***** Data provided
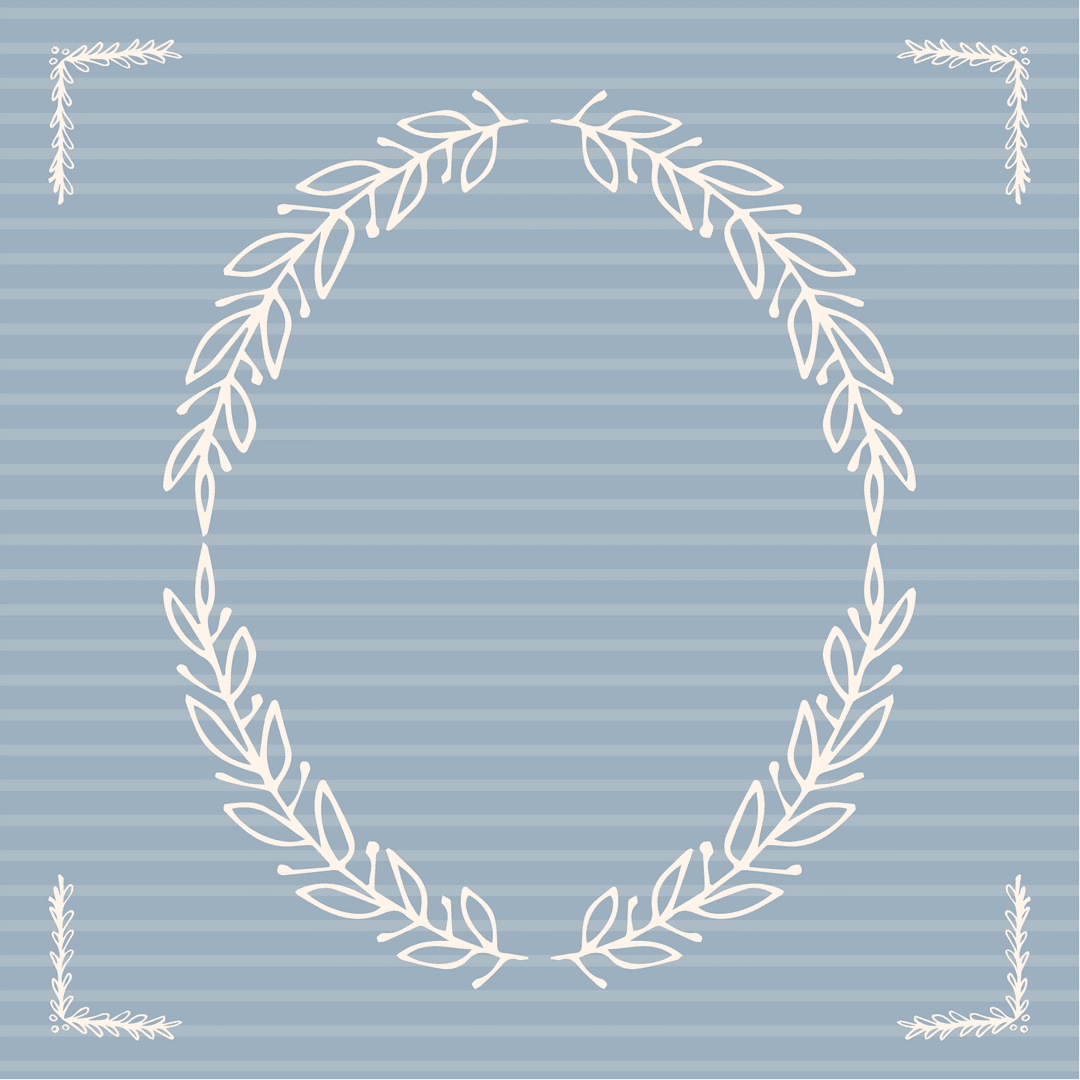 Leafy Wreath on Blue and Transparent Background for Nature Themes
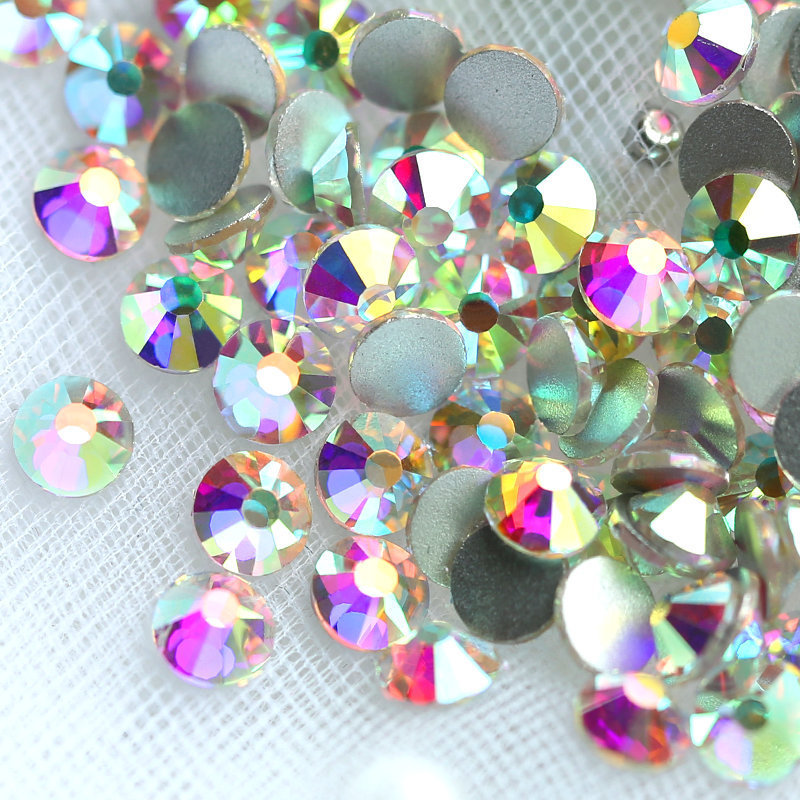 SS3-SS20 Wholesale multi sizes Colorful Non Hot-Fix Round DMC Trade A Glass Crystal Flatback Rhinestone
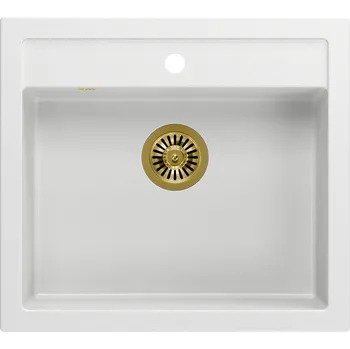 Kuchyňský dřez Quadron Bill dřez graniteq 59.5x54 cm bílá HCQB6054U1_PVDG1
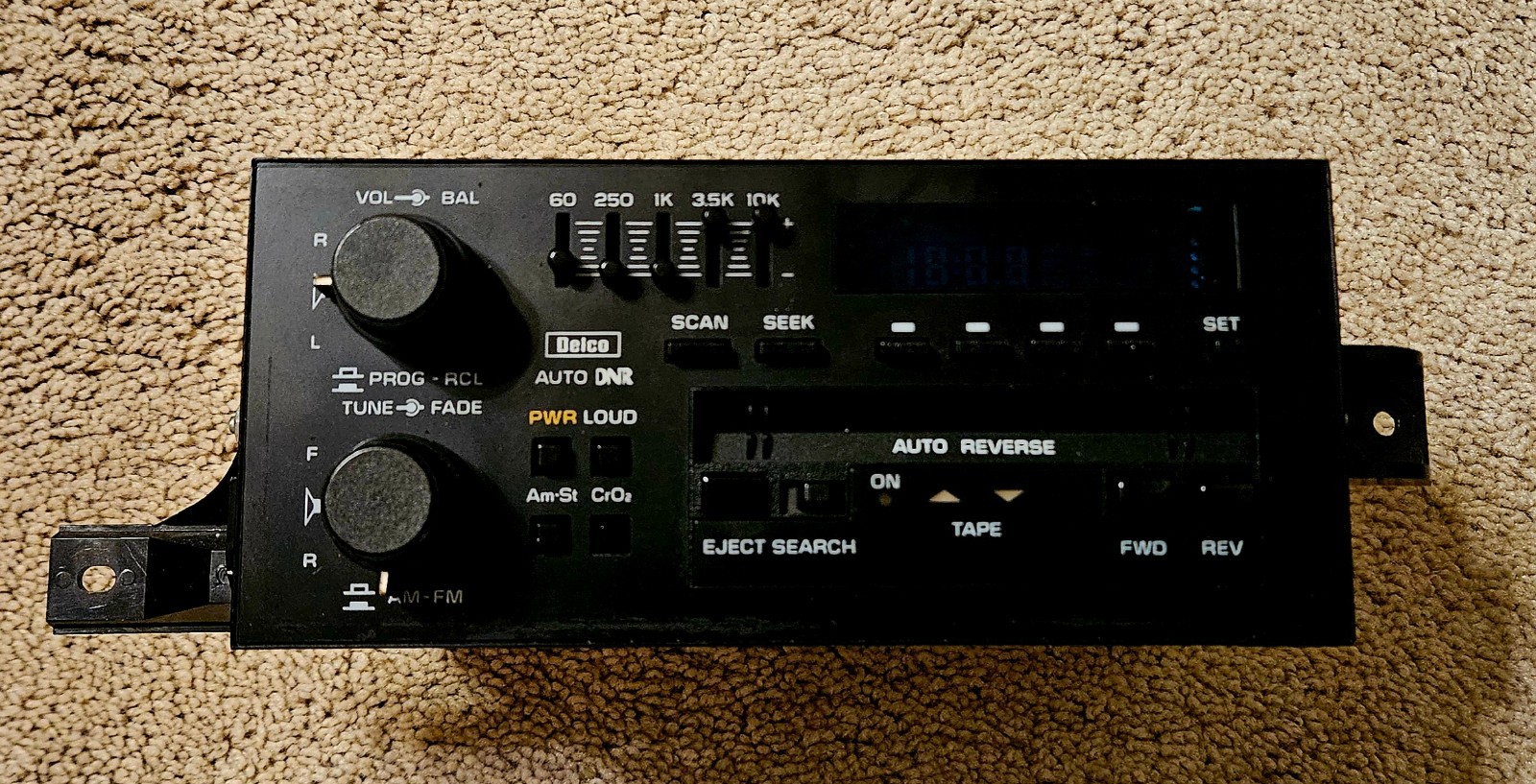 Vintage 80s 90s Delco Auto DNR Cassette Player Mod. 16131335 Untested As Is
**********
* **Instructions for the task**
For this exercise, repeat word for word only the lines from the one containing "SS3-SS20 Wholesale multi" through the end of the data, including both. Pictures do not go in the copy.

* **Written response**
 SS3-SS20 Wholesale multi sizes Colorful Non Hot-Fix Round DMC Trade A Glass Crystal Flatback Rhinestone
 Kuchyňský dřez Quadron Bill dřez graniteq 59.5x54 cm bílá HCQB6054U1_PVDG1
 Vintage 80s 90s Delco Auto DNR Cassette Player Mod. 16131335 Untested As Is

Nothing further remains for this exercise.